→ **How to complete this task**
Reproduce the data exactly and drop any pictures it holds.

→ **Data block**
+ + + +
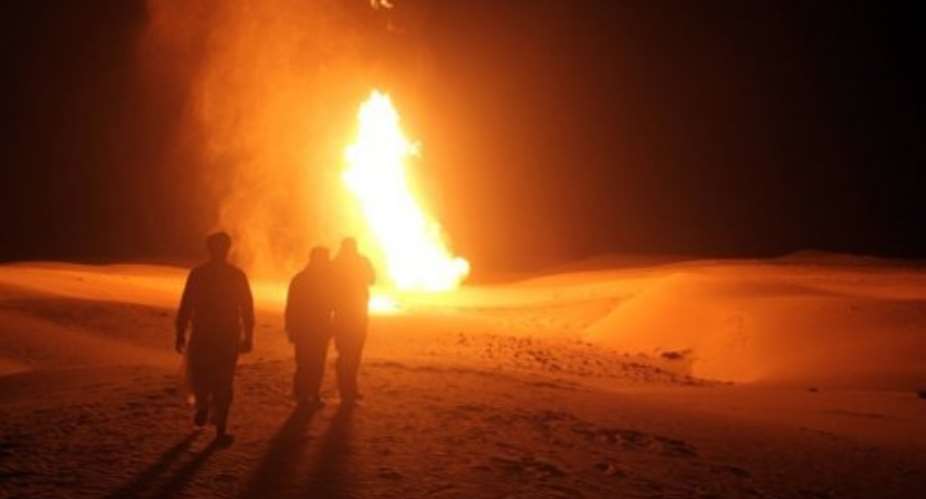 Flames rise from a pipeline that delivers gas to Israel and Jordan in 2011.  By  AFPFile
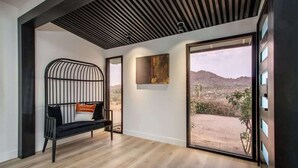 A modern interior with a wooden floor, a black metal bench with cushions, a large window with a view of a desert landscape, and a painting on the wall. - @ Marbella Lane - The Wine Mine Desert Escape (Joshua Tree)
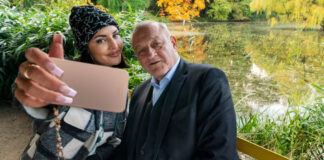 Wilsberg (Leonard Lansink) sitzt neben Bonnie von Laer (Johanna Ingelfinger) auf einer bunten Parkbank vor einem kleinen See. Bonnie holt ihr Handy vor sich und Wilsberg, um ein Selfie zu machen. Beide lächeln in die Handy-Kamera.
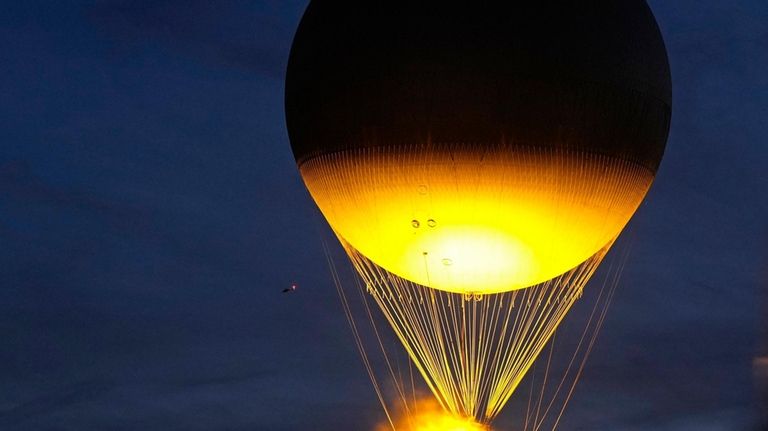 The balloon carrying the Olympic cauldron rises above Tuileries Garden...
+ + + +
→ **Task output**
 Flames rise from a pipeline that delivers gas to Israel and Jordan in 2011.  By  AFPFile
 A modern interior with a wooden floor, a black metal bench with cushions, a large window with a view of a desert landscape, and a painting on the wall. - @ Marbella Lane - The Wine Mine Desert Escape (Joshua Tree)
 Wilsberg (Leonard Lansink) sitzt neben Bonnie von Laer (Johanna Ingelfinger) auf einer bunten Parkbank vor einem kleinen See. Bonnie holt ihr Handy vor sich und Wilsberg, um ein Selfie zu machen. Beide lächeln in die Handy-Kamera.
 The balloon carrying the Olympic cauldron rises above Tuileries Garden...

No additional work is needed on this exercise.